(Dataset extract):
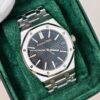Audemars Piguet Royal Oak Black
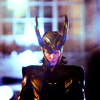 lokimotion: (pic#4522748)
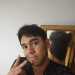 Deyvid 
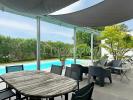 Acheter Maison 192 m2 Pau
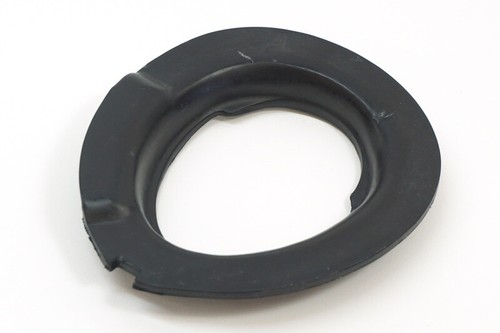 Bmw genuine lower - genuine, spring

(Try it):
With the images left out, set down every entry exactly.

(The completed task):
Audemars Piguet Royal Oak Black
 lokimotion: (pic#4522748)
 Deyvid 
 Acheter Maison 192 m2 Pau
 Bmw genuine lower - genuine, spring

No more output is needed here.